Friday, February 22, 2019

Burial Clubs- The Much, Much Bereaved

Despite the many respectable benevolent organizations serving honest and hard-working clients, monetary gains inevitability invite fraud. While unable to afford insurance policies with massive payouts, many in England’s working class saved out a few pence for a subscription to a burial club of a friendly society. For some, the potential payout of £5 or £10 was enough to risk a prison sentence for committing fraud.

The General Register Office for England and Wales was founded in 1836. Country-wide record keeping replaced the old system of “Births, Baptisms, and Burials” kept by the local church. While this system was more accurate, easily referenced, and thorough, it opened up new cracks for crime. Friendly societies (at least those following the law) required both a death certificate issued by a civil registrar and a medical certificate (a form signed by a licensed physician verifying the cause of death) before making a payment. To collect from a burial society, a subscriber’s family only needed the death certificate as proof of the passing.

Fraudsters came to the registration office, falsely claimed the death of a loved one conveniently enrolled in a burial club, received their death certificate, showed the certificate to the representative of their burial club, and pocketed their payment. Often their “dearly departed” had wisely subscribed to several burial clubs, thus greatly increasing the rewards. Civil records show the same person dying multiple times on multiple dates, with multiple causes, with the same beneficiary profiting each time. 

In busy industrial metropolises, the clerk issuing death certificates rarely knew the deceased or the bereaved. He required only their say so that a death had occurred and had no power to investigate their claims. He could only report his suspicions and find enough evidence of wrong-doing to deny their certificates the next time.  It wasn’t until the 1870s, the law tightened up requiring all deaths to have a medical certificate before they could be issued a death certificate.

The lack of government oversight into their processes and practices allowed some organizations to operate as crookedly as their fraudulent clients. Investments of a Friendly Society registered with the British government were not subject to income or property taxes, making it a perfect place to launder ill-gotten gains. Inflated “running costs” and “hospitality budgets” hid embezzling and financial juggling. Adding to this mess is the fact that under British Law, an insurance company, a friendly society, and a burial club were all different legal entities subject to different laws and restrictions, and even then, not all were even registered with the government. If they didn’t bother even existing legally, why would they follow any other rules?
Unscrupulous representatives even pocketed their subscriber’s weekly payment and marked the policy unpaid. Stingy burial clubs used fine print to legally fight honest claims. Some barred subscribers from making any claims until two years after they joined!

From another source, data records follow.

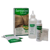 Farmatint Gel Coloration Permanente 6D Blond Foncé Doré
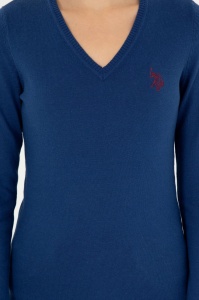 U.S. POLO ASSN Pulover Basic - Img 5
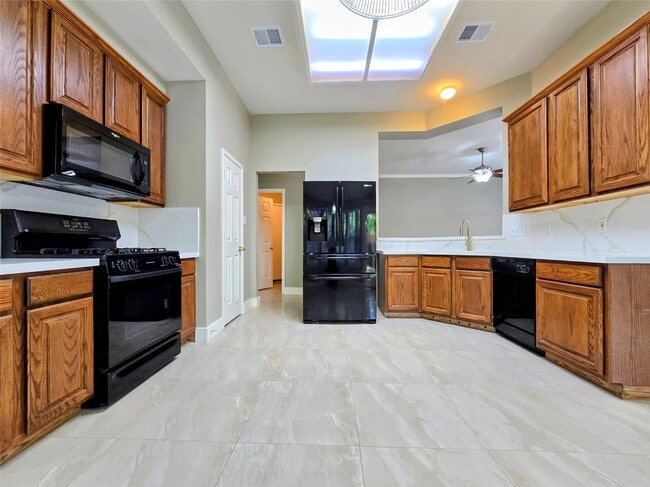 Photo - 159 S Delta Mill Cir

Even when the society or club was striving to serve their clientele, honesty does not ensure solvency. Friendly societies and burial clubs dissolved every day to mismanaged funds, and well-intentioned but ill-advised investments. Even perfectly sound organizations foundered if too many elderly clients collected on claims, and not enough young healthy clients subscribed.

Adventure Ideas
One physician that confirms deaths for a friendly society, suspects he saw the same body 3 times over a period of six months and it hasn’t decayed.

A burial club’s founder invested some of the organization's money in a risky venture. It paid out spectacularly, but he’d rather not put all that money back into the club. To cover the surplus, he needs to invent a failure so he can claim to have lost it all.